Wir Menschen haben bereits heute in gewissen Bereichen im Alltag die Entscheidungen solchen Algorithmen überlassen. Google hat es in zwei Jahrzehnten geschafft, dass wir seinem Algorithmus die Suche nach relevanten und vertrauenswürdigen Informationen anvertrauen. Auch für die Orientierung und Navigation vertrauen wir nicht mehr unseren „Instinkten“, sondern lassen Google Maps entscheiden, welchen Weg wir wählen. Es ist eine Frage der Zeit, bis wir weitere wichtige Entscheidungen in unserem Leben, wie die Wahl einer Ausbildung, des Arbeitsplatzes oder des Ehepartners der künstlichen Intelligenz überlassen.
Wem gehören die Daten?
Wenn wir verhindern wollen, diesem Trend ausgeliefert zu sein, müssen wir den Besitz von Daten regeln. Dies ist vielleicht die wichtigste politische Frage unserer Zeit. Unsere Gesellschaft hat über Jahrzehnte gelernt den Grundbesitz zu regulieren, aber wie lassen sich Daten regulieren? Datenschutzgesetze versuchen die Rechte von uns Menschen in diesem Bereich zu verbessern. Aber ich bezweifle stark das wir dazu in der Lage sind, selbst über unsere Daten zu verfügen. Ich bin der Meinung, die Macht über die Daten muss zwingend verteilt werden und darf nicht einzelnen Institutionen vorbehalten sein. Aus meiner Sicht muss geklärt werden, wer entscheidet, was mit den Daten passiert – insbesondere durch die immer neu geschaffenen Datenmengen.
Fazit
Mir ist wichtig, dass DU dich mit der Thematik kritisch auseinandersetzt. Es geht uns alle an. Jeder muss sich seine Grenzen bei der Datenpreisgabe selbst setzten und für seine Ansichten einstehen. Hoffen auf politische, respektive gesetzliche Einschränkungen oder Korrekturmassnahmen sind mit einer gewissen Unsicherheit verbunden. Denn die Gesetzgebung bringt üblicherweise erst mit mehreren Jahren Verzug neue Regelungen und wird uns Individuen nie genügend schützen können.

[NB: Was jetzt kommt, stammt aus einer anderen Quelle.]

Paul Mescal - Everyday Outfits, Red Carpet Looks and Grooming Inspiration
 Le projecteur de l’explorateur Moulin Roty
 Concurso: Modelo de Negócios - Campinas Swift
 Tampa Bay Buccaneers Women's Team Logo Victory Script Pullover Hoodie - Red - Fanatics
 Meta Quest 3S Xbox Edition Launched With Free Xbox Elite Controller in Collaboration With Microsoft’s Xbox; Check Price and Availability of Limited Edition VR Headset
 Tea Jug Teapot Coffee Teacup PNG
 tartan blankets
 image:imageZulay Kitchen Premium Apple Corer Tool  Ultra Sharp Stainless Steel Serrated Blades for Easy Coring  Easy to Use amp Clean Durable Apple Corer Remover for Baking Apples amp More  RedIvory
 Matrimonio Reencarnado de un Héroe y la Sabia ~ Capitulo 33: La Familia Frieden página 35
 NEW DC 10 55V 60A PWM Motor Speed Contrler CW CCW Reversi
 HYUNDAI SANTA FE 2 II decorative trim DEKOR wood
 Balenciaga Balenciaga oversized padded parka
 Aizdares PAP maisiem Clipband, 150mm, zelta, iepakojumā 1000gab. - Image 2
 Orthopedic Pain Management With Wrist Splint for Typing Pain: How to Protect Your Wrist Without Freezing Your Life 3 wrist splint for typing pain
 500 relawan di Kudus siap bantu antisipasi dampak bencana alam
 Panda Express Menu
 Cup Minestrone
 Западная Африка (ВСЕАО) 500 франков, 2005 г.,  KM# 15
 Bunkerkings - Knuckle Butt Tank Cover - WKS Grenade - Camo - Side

Ich empfehle jedem sich aktiv mit dem Thema zu befassen, insbesondere denen, die in Unternehmen die Datensammlung und -Speicherung aktiv mitgestalten. Weiterführende Informationen sind im Buch „21 Lektionen für das 21. Jahrhundert“ von Yuvel Noah Harari zu finden. Er erläutert die diversen Theorien mit anschaulichen Beispielen und schafft es, den Leser zum Denken anzuregen.